[Opening INFORMATION PROVIDED section]
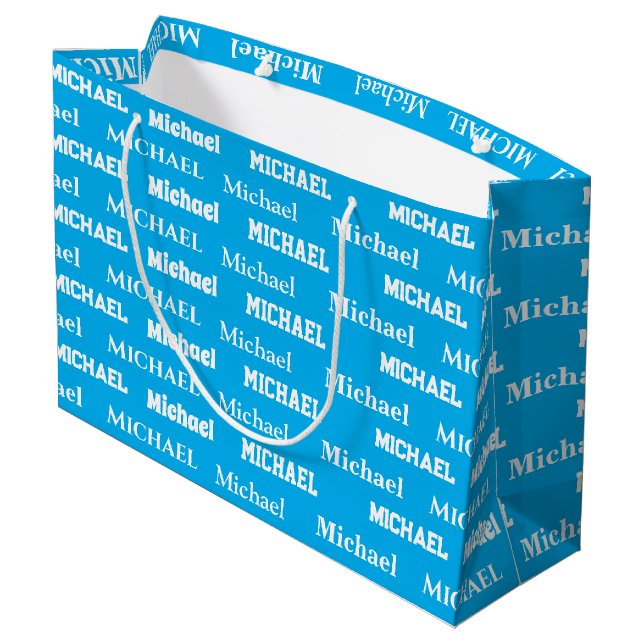 Custom Name  Blue Personalised Boy Birthday Large Gift Bag (Back Angled)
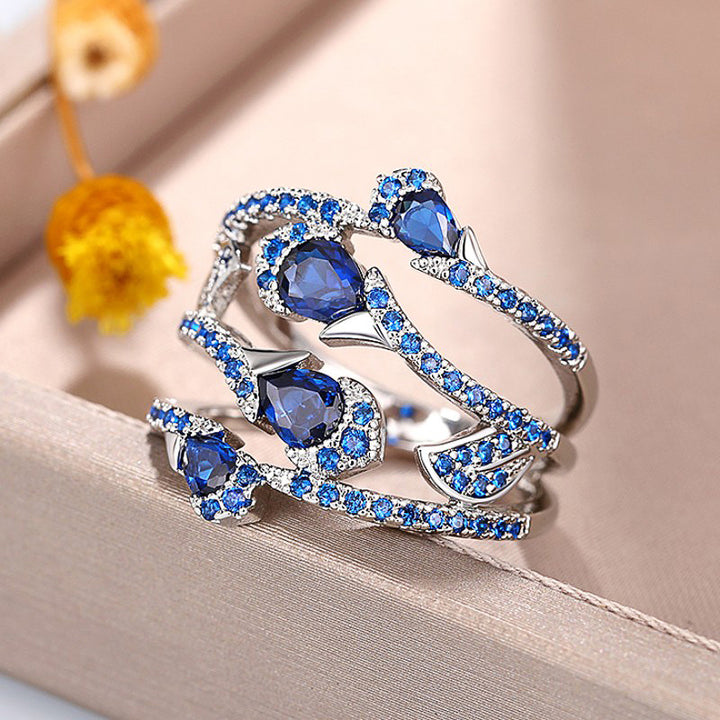 Vintage Multi‑Layer Wrapped Teardrop‑Shaped Blue Diamond Women's Ring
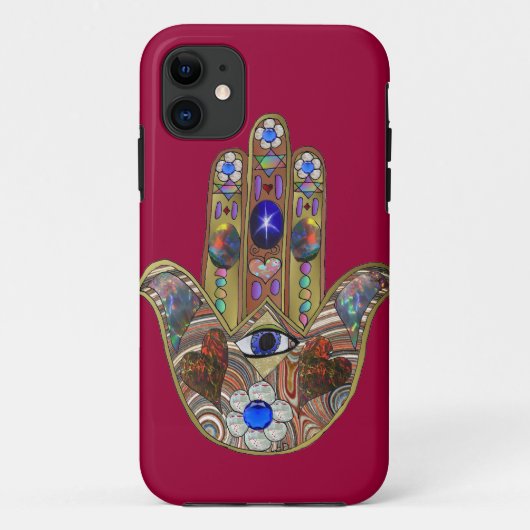 Judaika Hamsa Hört Blume Opal Art Print Case-Mate iPhone Hülle (Rückseite)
[Closing INFORMATION PROVIDED section]
An exact reproduction of the lines from the line containing "Vintage Multi‑Layer Wrapped" through the end of the listing above is needed; pictures stay out.

 Vintage Multi‑Layer Wrapped Teardrop‑Shaped Blue Diamond Women's Ring
 Judaika Hamsa Hört Blume Opal Art Print Case-Mate iPhone Hülle (Rückseite)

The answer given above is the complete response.